Input data Start Marker
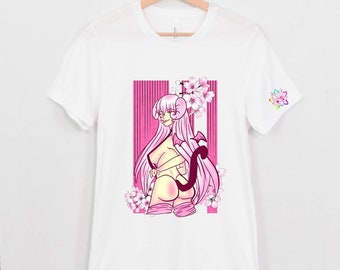 Anime shirt, sakura flower tee, ahegao tshirt, anime girl tshirt, cute succubus anime graphic tee, hentai tshirt, tsundere yandere shirt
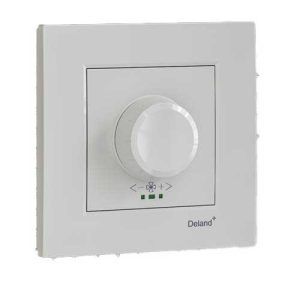 کلید و پریز آسا سفید دلند پلاس /دیمر فن (مکانیزم+قاب)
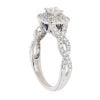 18ct White Gold 0.95ct Princess And Brilliant Cut Diamond Vera Wang Cluster Ring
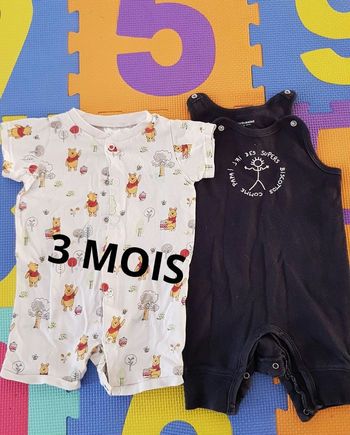 Lot de 2 combi-shirt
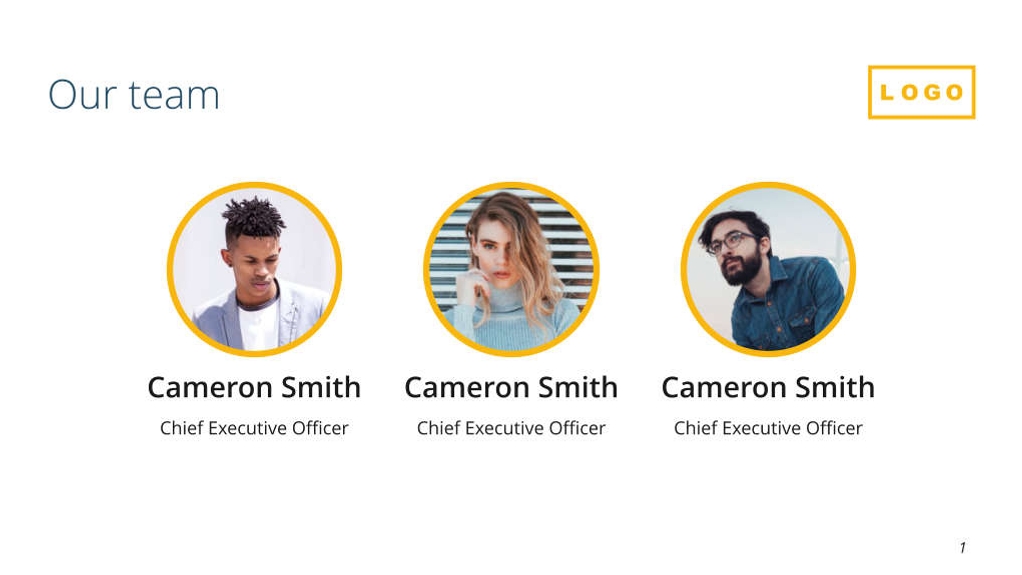 Free presentation extended pitch template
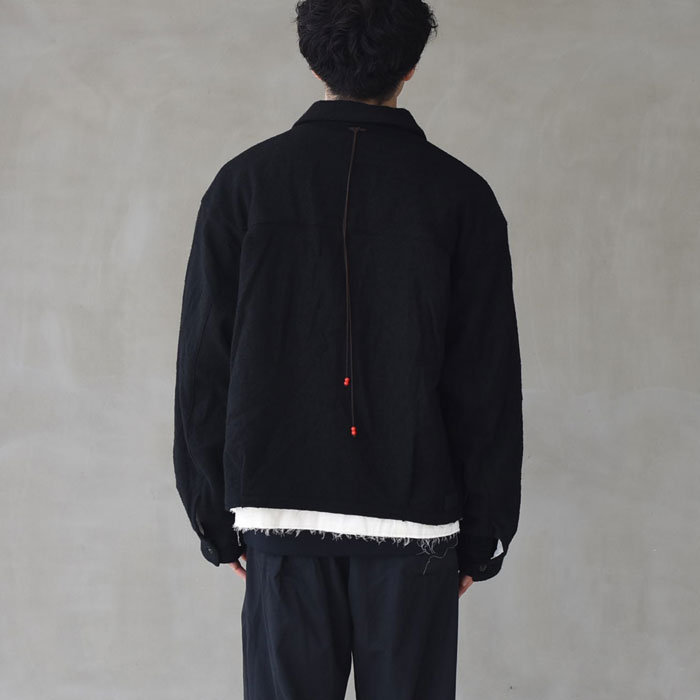 anc-jk58-a) / ANCELLM (アンセルム) / SHRINK WOOL LAYERING JACKET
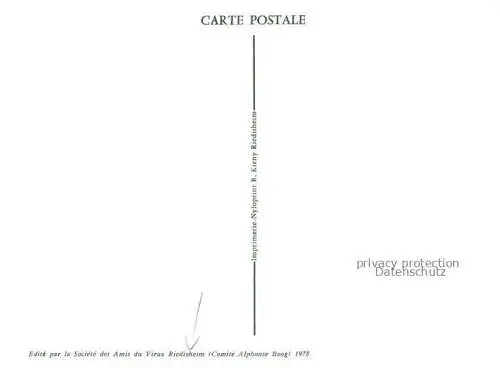 AK / Ansichtskarte Riedisheim_Mulhouse_68_Haut Rhin Chateau des 4 Tourelles Zeichnung 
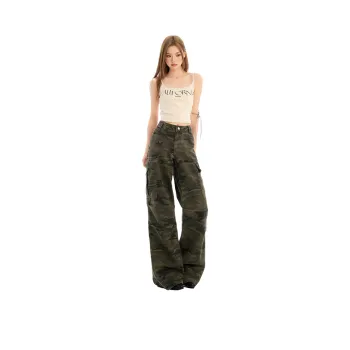 Evil Lions Jeans Unisex Camouflage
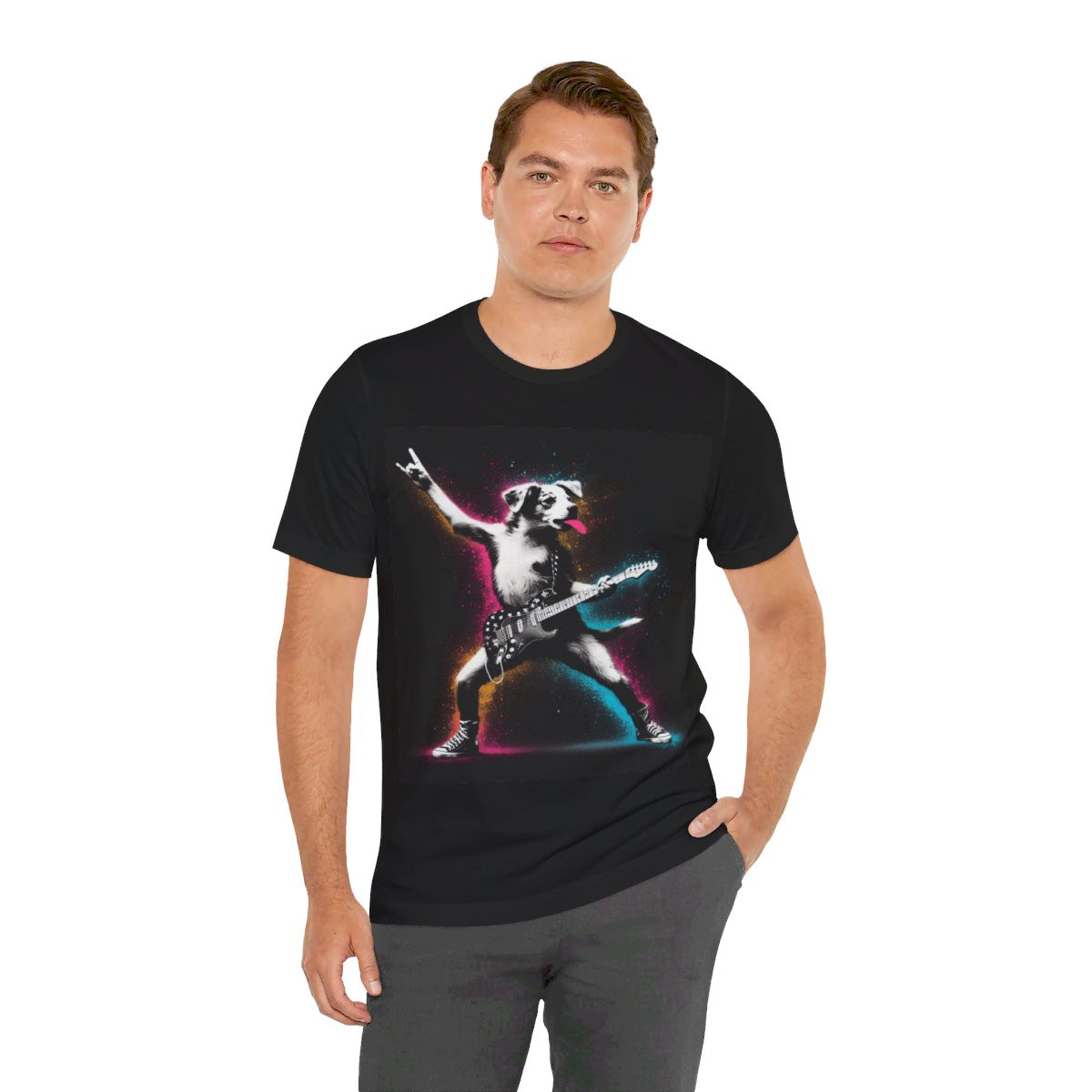 Rock n' Roar Glowing Aura Dog - Tee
Input data End Marker
About this task> Copy exactly, and only, the lines from the first entry through the line holding "Free presentation extended pitch template", both ends included, leaving out every picture.

Task solution>
 Anime shirt, sakura flower tee, ahegao tshirt, anime girl tshirt, cute succubus anime graphic tee, hentai tshirt, tsundere yandere shirt
 کلید و پریز آسا سفید دلند پلاس /دیمر فن (مکانیزم+قاب)
 18ct White Gold 0.95ct Princess And Brilliant Cut Diamond Vera Wang Cluster Ring
 Lot de 2 combi-shirt
 Free presentation extended pitch template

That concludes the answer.